KyuHwan Yeom


2026

Large language model (LLM)-based conversational recommender systems (CRSs) have demonstrated strong capabilities in capturing user preferences and generating contextually relevant recommendations. Nevertheless, the recommendation quality of the models frozen after training inevitably degrades under contextual shifts, such as changes in language and social trends. While periodic model updates are essential to maintain alignment with real-world preferences, training on large-scale data incurs substantial costs. This motivates data-efficient adaptation. However, existing data selection methods struggle to distinguish learnable samples under contextual shifts. To address this, we propose Contextual Shift-Adaptive Data Pruning and Training (CAPT), a framework agnostic to underlying LLM-based CRSs.
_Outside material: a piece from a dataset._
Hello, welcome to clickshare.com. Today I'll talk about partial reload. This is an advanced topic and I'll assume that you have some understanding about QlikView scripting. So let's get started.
Specifically, we conceptualize a three-class data taxonomy comprising familiar, valuable, and outlier samples to formalize data behavior under contextual shifts. Based on this taxonomy, we design an importance score estimation scheme that quantifies a sample’s relative learnability for shift adaptation. Leveraging these importance scores, CAPT prioritizes highly learnable samples and further guides shift-adaptive training to actively steer the model toward evolving preferences. Experiments on three CRS benchmarks with real-world temporal splits demonstrate that CAPT outperforms baselines, matching or surpassing full-data fine-tuning performance using only 10-50% of the training data.